Obs dafür einen extra Namen gibt, weiß ich nicht.. Vielleicht wird er in Quaxlies Tutorial genannt?


----------



## Helgon (22. Jan 2012)

Ja genau sowas meine ich Fu3l.

Von welchem Tutorial redest du den? Ich kenn nur dieses 2D Spiel von Quaxlies, habs mal überflogen, aber das kam da glaub ich nicht drin vor


----------



## Fu3L (22. Jan 2012)

Ach, in einer alten Version war das Tutorial 70 Seiten länger und es wurde noch ein weiteres Spiel kreiert. Ein Rennspiel mit einer Tilemap. 
Allerdings sehe ich gerade, nutzt Quaxlie hier nur die Technik 2 Maps zu verwalten: Eine, die der Nutzer sieht und eine wo die Tiles nur da gefärbt sind, wo man zB nicht hin kann oder Schaden erhält. Geladen werden die auch aus einem Textfile.

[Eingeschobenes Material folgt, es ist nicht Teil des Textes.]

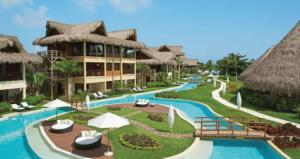 Incluyen a Punta Cana y 6 hoteles en lista de mejores todo incluido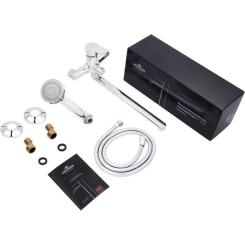 Смеситель Kroner Brocken-C070 Фото 3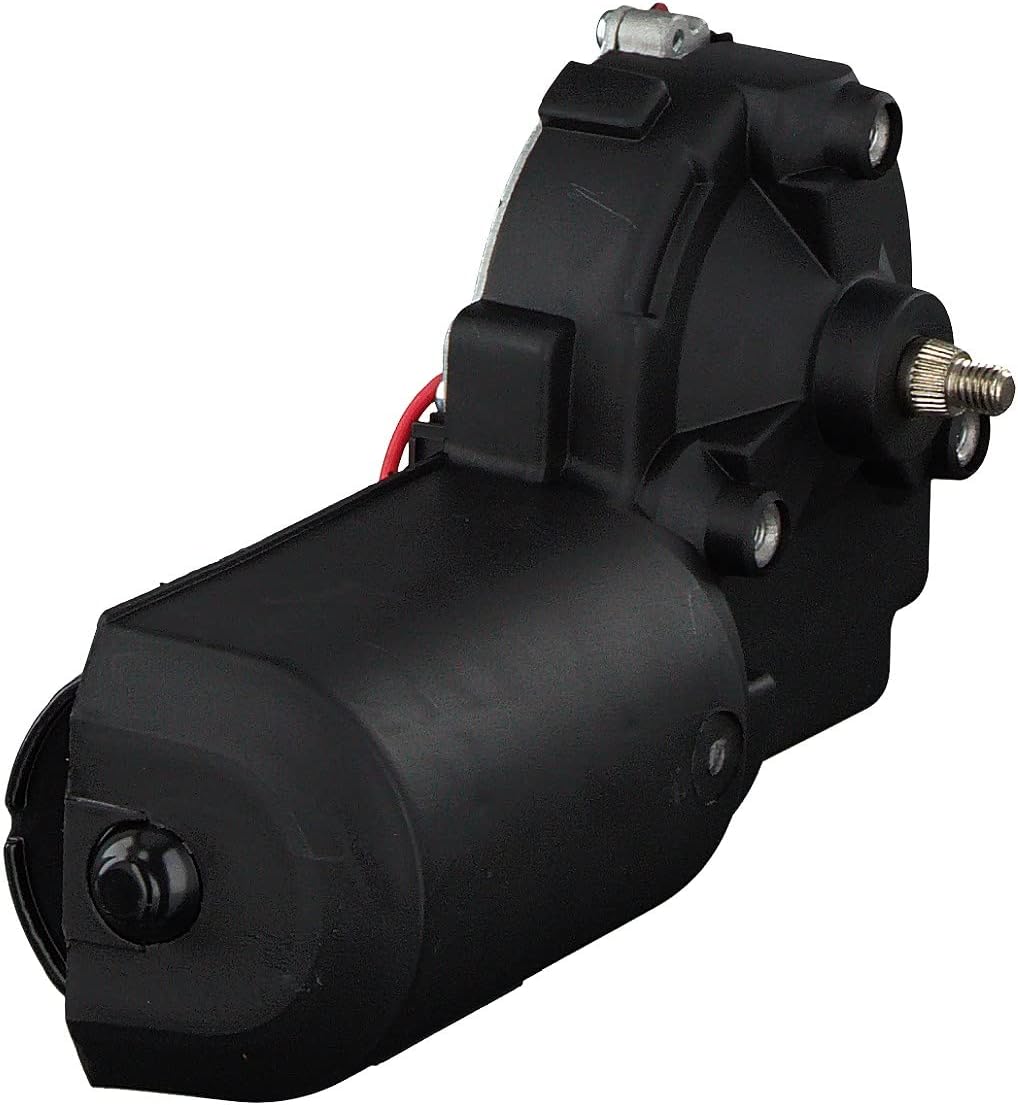 febi bilstein 18859 Scheibenwischermotor , 1 Stück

Möchtest du denn zu dem was du meinst etwas wissen (außer den Namen)? Ich habs selbst bei Delirium! genutzt. Ist aber auch recht intuitiv, denke ich^^


----------



## Helgon (22. Jan 2012)

Eigentlich nur den Namen  Von der Umsetzung her ist es ja nix großartiges


----------



## bluhb (22. Jan 2012)

Collision Detection and Bounce Calculation using Colour Maps (part 1)  Swingpant's Game Lab


----------



## Helgon (22. Jan 2012)

Dankeschön


----------